During the World Cup, he scored the winning goal against Serbia and celebrated by making an gesture referencing the Albanian flag. Serbians and Albanians fought on the opposite sides of the war in Kosovo in the late 1990s meaning Shaqiri's gesture was provocative.
Before the Red Star game, Klopp issued a carefully worded statement through the club's website explaining his decision.
But more than anything Shaqiri's heritage and worldview was the driver behind the decision to leave the 27-year-old behind on their ill-fated trip.
"We are keen to be respectful and keen to avoid any distractions that would take focus away from a 90-minute-plus contest that is important for football and only football," Klopp said.
"So for that reason, Shaq is not involved and he accepts and understands this. Shaq is our player, we love him, and he will play for us a lot of times, but not on Tuesday."
Given that the chant of choice for a portion of Red Star's support was 'F**k You Liverpool', it may have been the prudent move.
There have been other examples too. Golf's European Tour came under pressure to cancel its maiden event in Saudi Arabia after the murder of journalist Jamal Khashoggi in Turkey.
The same can be said of a scheduled tennis exhibition match between Novak Djokovic and Rafael Nadal in the country next month. Whether it likes it or not, sport and politics mix. Most of the time, they have to.
And that's why Tuesday night's Leinster club SHC game between Clonkill and Ballyboden St Enda's was an important reminder of the power of sport for good.

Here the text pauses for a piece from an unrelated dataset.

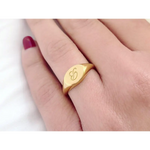 Gold initial signet ring for women with dainty personalized alphabet and minimal modern design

There was no politics at play. No huge amounts of money exchanging hands. Just people bound by geography and tragedy and love of their game.
On the night, Clonkill were hurling for much more than a place in the Leinster semi-final.
They were hurling for themselves, for a distraction from the day's events and for the Loughlin family who are grappling with unimaginable grief after the tragic death of their three-year-old daughter Annabel.
In the morning, the people of Clonkill gathered at the Church of The Assumption in Delvin and watched as a hurley was brought up to the altar as a gift representing her short life, before moving on to Taghmon Cemetery.
In the evening, they came together once more, this time at Parnell Park. With two cousins and an uncle involved in the set-up, Annabel was well represented. Clonkill summoned a fury and extra-time was needed.
Ballyboden eventually came out on top, but Clonkill left on their shields to a spontaneous guard of honour from the Dublin champions.
"We had a little prayer in the dressing-room before the match and then we just concentrated on hurling," manager Kevin O'Brien said.
"Enda (Annabel's father) said to tell the boys to do it for him and the family. 'Tear into them' were his exact words and that's what we did. It's an awful tragedy.
"They're in for a long road and hopefully they'll come through it. Everyone in Clonkill will be there to support them."
And that was it. A game in its rawest form. A community drowning in grief.
And for a moment at least there was a distraction. No politics. Just sport.